Existing code (initial run):

314d0872-d572-11e8-a157-6d279cbe4e9b { status: 'lambda-git: loaded' }
Duration: 4869.99 ms Billed Duration: 4900 ms Memory Size: 128 MB Max Memory Used: 45 MB

Existing code (subsequent run):

519d4717-d572-11e8-bb59-df8701e3c6ac { status: 'lambda-git: already loaded' }
Duration: 0.69 ms Billed Duration: 100 ms Memory Size: 128 MB Max Memory Used: 46 MB

New code (initial run):

5c96a4bf-d570-11e8-b46f-212ccdc20a1b { status: 'lambda-git: loaded' }
Duration: 2449.90 ms Billed Duration: 2500 ms Memory Size: 128 MB Max Memory Used: 29 MB

New code (subsequent run):

72b5f226-d570-11e8-bb41-77fbb4a850ec { status: 'lambda-git: already loaded' }
Duration: 10.40 ms Billed Duration: 100 ms Memory Size: 128 MB Max Memory Used: 29 MB

I will work on cleaning up the code and looking into some better performance comparison for us to check if we can sustain this 49% reduction in run time ;-)

Cheers!

@marcelobern
Copy link
Author

marcelobern commented Oct 24, 2018

@pimterry through a lambci thread we have access to a git 2.13.5 tar file.

Please let me know if you would like me to go ahead and slap git 2.13.5 to the PR or if you prefer to have it stay @ 2.4.3

@pimterry
Copy link
Owner

That all sounds excellent! Where does that performance improvement come from?

Regardless, I would love to see a PR with those changes so I can take a look and get this in. Updating to a newer build of git too sounds great to me 👍.

@marcelobern
Copy link
Author

marcelobern commented Oct 25, 2018

@pimterry great, will do!

The performance improvement comes from a little "sleight of hands". Rather than untar at runtime, that is all done before packaging lambda-git. We than have to solve the problem of size of the package (i.e. get rid of "duplicate" files), which is where I have been focusing my effort.

At runtime we then just re-create the original file structure with links, which are much faster to create that the current untar approach. BTW, I already tested it with the newer git 2.13.5 and it worked perfectly as well! So we should be able to upgrade git in a straight forward way from now on ;-)

I have been tinkering with the runtime code to optimize it and my results last night (using artillery for testing at "scale") show a load time of 900-1300 ms using link creation versus 7300-9700ms using the untar approach. That was for a lambda with 128MB RAM.

As for the PR, I believe it is worth packaging this link based approach on its own then folks with need for other binaries can benefit from it as well. So I am in the process of creating a new npm package and will submit the lambda-git PR using this npm package. This will make the change to lambda-git minimal.

@pimterry
Copy link
Owner

Very neat, that makes sense. Very nice work, I'm looking forward to the PR 👍

@marcelobern
Copy link
Author

@pimterry I am about 95% done with the PR.
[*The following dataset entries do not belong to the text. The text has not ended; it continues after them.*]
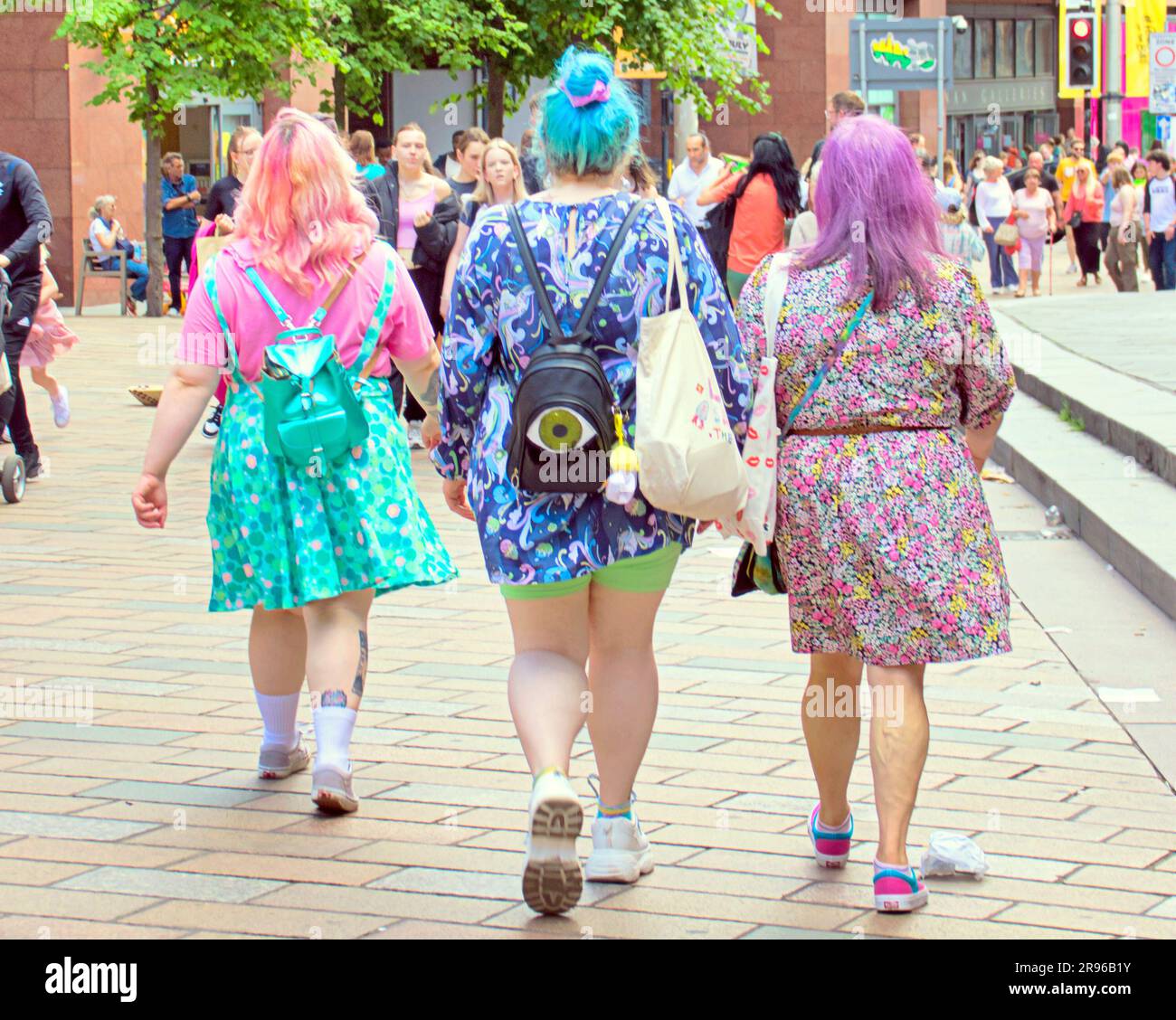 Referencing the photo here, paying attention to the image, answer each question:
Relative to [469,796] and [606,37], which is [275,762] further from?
[606,37]

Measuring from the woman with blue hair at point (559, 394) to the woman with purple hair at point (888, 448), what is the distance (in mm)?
194

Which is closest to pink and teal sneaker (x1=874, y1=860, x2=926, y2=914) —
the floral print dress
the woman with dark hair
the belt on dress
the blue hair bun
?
the floral print dress

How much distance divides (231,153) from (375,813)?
20.7 feet

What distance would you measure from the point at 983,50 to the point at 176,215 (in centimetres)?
5400

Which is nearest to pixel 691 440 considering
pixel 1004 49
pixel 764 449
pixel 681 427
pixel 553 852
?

As I ran the test, the second test Should install the Git binary to a given directory fails.

I am not familiar with bats so after a few hours of checking code and the test case I decided to run the same test cases using mocha/chai and they all pass.
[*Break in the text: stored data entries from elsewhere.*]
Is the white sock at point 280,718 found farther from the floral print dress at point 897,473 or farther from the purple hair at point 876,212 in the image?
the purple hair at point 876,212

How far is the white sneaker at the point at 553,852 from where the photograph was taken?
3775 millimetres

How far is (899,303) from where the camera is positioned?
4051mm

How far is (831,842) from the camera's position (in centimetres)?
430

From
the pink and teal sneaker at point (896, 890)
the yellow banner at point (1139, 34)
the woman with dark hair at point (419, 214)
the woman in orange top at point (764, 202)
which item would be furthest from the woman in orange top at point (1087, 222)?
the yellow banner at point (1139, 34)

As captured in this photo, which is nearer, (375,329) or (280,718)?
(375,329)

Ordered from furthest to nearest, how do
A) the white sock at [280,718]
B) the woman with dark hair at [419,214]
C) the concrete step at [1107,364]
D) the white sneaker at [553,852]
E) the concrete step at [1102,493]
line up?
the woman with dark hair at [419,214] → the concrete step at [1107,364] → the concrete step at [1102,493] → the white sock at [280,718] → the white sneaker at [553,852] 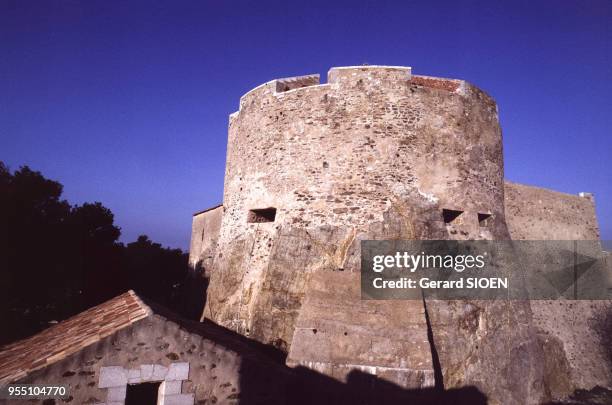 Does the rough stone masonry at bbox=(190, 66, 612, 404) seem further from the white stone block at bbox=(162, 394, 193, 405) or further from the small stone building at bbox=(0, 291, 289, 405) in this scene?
the white stone block at bbox=(162, 394, 193, 405)

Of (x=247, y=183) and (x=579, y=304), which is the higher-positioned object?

Please let me know if you have any suggestions on how you would like me to proceed.

In the mean time feel free to check the new modules I will be using:

@pimterry
Copy link
Owner

pimterry commented Nov 6, 2018

Great! The test issue is surprising though. Bats is very simple, and it really shouldn't break unless something has changed. Once you've got everything else working, can you push the code & failing bats tests to a branch somewhere, so I can take a look?
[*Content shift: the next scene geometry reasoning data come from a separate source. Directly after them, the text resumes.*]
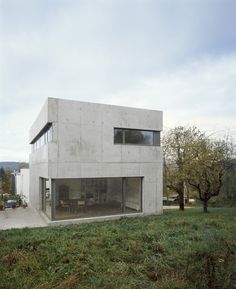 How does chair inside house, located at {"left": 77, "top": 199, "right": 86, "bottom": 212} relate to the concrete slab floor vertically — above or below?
above

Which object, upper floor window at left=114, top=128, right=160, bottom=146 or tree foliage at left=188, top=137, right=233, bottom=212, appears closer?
upper floor window at left=114, top=128, right=160, bottom=146

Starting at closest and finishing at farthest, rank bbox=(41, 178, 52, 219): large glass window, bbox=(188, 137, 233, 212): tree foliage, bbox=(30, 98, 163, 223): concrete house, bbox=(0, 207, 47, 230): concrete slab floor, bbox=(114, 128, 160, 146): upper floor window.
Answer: bbox=(0, 207, 47, 230): concrete slab floor < bbox=(30, 98, 163, 223): concrete house < bbox=(41, 178, 52, 219): large glass window < bbox=(114, 128, 160, 146): upper floor window < bbox=(188, 137, 233, 212): tree foliage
I'm definitely open to converting them to something more substantial like Mocha & Chai, but I'd just like to know why they're failing first, so we can confirm the failure isn't actually a real problem.

@marcelobern
Copy link
Author

marcelobern commented Nov 12, 2018

@pimterry code is ready for the PR (except for the bats testing).

You can check what is going on in Travis CI. Some of the failures are bats related some are compatibility issues.

Please let me know if you want me to start the PR as is or if you have any additional suggestions/asks.

BTW, you can run the performance benchmark yourself if you want to ;-)

Have a great week!

@marcelobern
Copy link
Author

OK, bats testing is now:

  • Working for Node 6-9
  • Failing for Node 4 & 5 in all test cases - I am not overly concerned as these Node versions are no longer supported. Your take?
  • Failing only test case # 3 for Node 10 & 11 - even though I inspected and the variables are in there

Will give it another go tomorrow but if I cannot figure it out I will submit the PR as is (unless I hear something else from you).

@pimterry
Copy link
Owner

All sounds very promising. Yes, if the code is anywhere near ready to review, you should definitely open a PR, and we can discuss details from there.

On the specifics:

  • Very happy to drop support for Node 4 & 5.
  • We do need to work out what's up with Node 10 & 11 though, and fix that (or fix the tests).

@marcelobern
Copy link
Author

marcelobern commented Nov 14, 2018

Submitted PR #13.

I ended up changing default test from bats to mocha before the PR, as mocha tests are passing while bats is failing for Nodejs 10 & 11 (test case 3 only).

And by moving to mocha we now have code coverage information as well ;-)

Please add coveralls to the repo so the coveralls badge in README.md will work.

@marcelobern
Copy link
Author

I have been thinking about the changes and based on the fact that an existing folder is not re-written, we might want to bump the version to 1.0.0.

If that is the case it might be worth considering other behavior changes (e.g. resolve/reject values, moving config.js parameters to index.js) which I avoided including thinking thisa might be a version 0.2.0

Please let me know your thoughts.

@ryanblock
Copy link
Collaborator

Hey @marcelobern, good news! We're gonna un-deprecate this package, and I'm stoked to be helping maintain it moving forward.

Reopened your PR from last year – there's a lot of good in there. I was hoping we could work together on it, if you're into it.

It is a really large, sweeping change and if you're amenable, I'd like to figure out with you the best approach to breaking some of those changes up into smaller bits, and sequencing them.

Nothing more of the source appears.